It’s one of my favorite times of the year…21 Days of Prayer. I love this time with the church because it helps me to refocus on God. Every morning we worship God, pray for others individually, then pray corporately around a certain topic.
Yesterday we prayed for marriages, which I think was timely. You see, the night before was the season finale of the Bachelorette. I started with so much excitement and anticipation for Katie to find her husband, but finished the season highly disappointed. As I talked through what I had witnessed with my sister and thought about it on my own, I realized many people are being led astray.
In our culture, we talk about how love is a feeling. We are told to find someone who makes us feel good, that makes us whole or complete, and that will look good next to us. We see examples of true and lasting love (maybe from parents), but it competes with culture’s definition of love. Take, for example, Michael A. He was an amazing father and man, who a few years ago, lost his wife to cancer. Michael A. had found true love before and was hoping to find that with Katie as well. My sister believes that Katie, in theory, wanted the kind of love Michael A. talked about. However, either she didn’t want to or she wasn’t ready for the sacrifice it takes to be in that type of relationship.
Connor was another great guy on the show. However, Katie let him go because she didn’t feel a spark when they kissed. She was looking to confirm her level of love for him and tried to assess it physically. Another man that was shockingly sent home was Andrew S. (who had my heart when he stepped out of that limo and spoke in a British accent). He was so vulnerable with Katie, and they shared plenty of deep conversations, such as the adversities faced by interracial couples. He was literally a great catch and she let him go…the reason I’m still trying to understand.
But I don’t tell you all of this as a means to bash Katie or the Bachelor/Bachelorette series. I’m trying to reveal how we have confused the true meaning of love and marriage, and how we should see them instead. If we are to believe the series (and in essence, culture), then love is superficial and marriage is something that completes us. Love should not be superficial, based on physical attraction and butterflies. Proverbs 31: 30 clearly states that “charm is deceptive and beauty is fleeting.” That type of “love” is not lasting, and will certainly not pay the bills. And marriage doesn’t complete us or give us value. It says in Isaiah 53: 5 that “[God] was pierced for our rebellion, crushed for our sins. He was beaten so we could be whole. He was whipped so we could be healed.” This verse alone shows that we are whole outside any relationship we enter into.
I believed my worth was only warranted when when I was in a relationship or was married. I believed I should pick a mate based on whether we would look good in pictures. I believed I should friend-zone guys who I was not physically attracted to. The truth is, we will believe anything until something comes along and changes our mindset. Being at home during this pandemic has given me more time to reflect and learn. During this season, I delved into the Bible and God began helping me to unlearn what I had once believed as truth. And now I feel confident in my value outside of another person.

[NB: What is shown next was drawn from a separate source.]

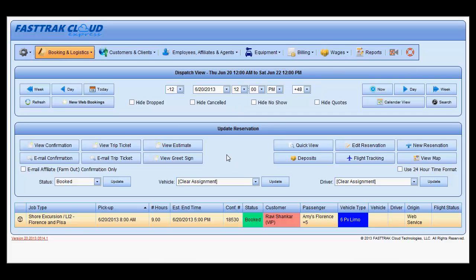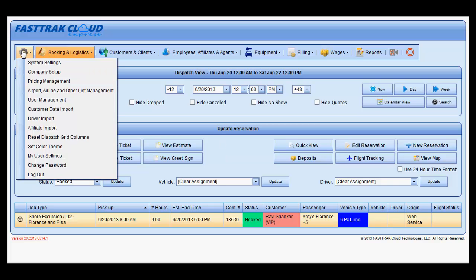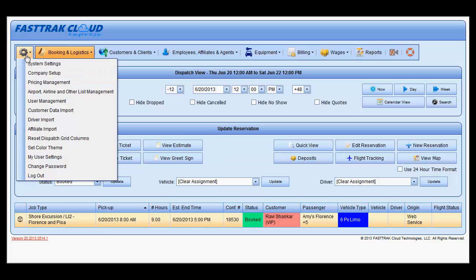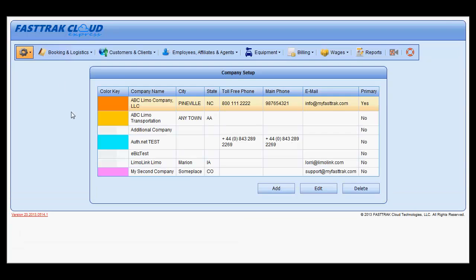In this video we discuss how to set up contracts within the FastTrack Cloud Express. These would include trip tickets, confirmations, as well as quotations. Under the settings area, select the company setup option. In the following window, highlight your company name and click on edit.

So when I heard the prayer topic of marriage, I knew I had to pray for people who had also believed the lie culture deceptively fed us. I prayed for us to understand true love; the love that is selfless (John 3:16), and embodies patience and kindness (1 Corinthians 13:4-7). For those struggling in their marriage, I prayed for restoration, love, communication, and grace. And finally, I prayed that God would be the standard we compare everything else to, not the other way around. Because God truly is the best example of love.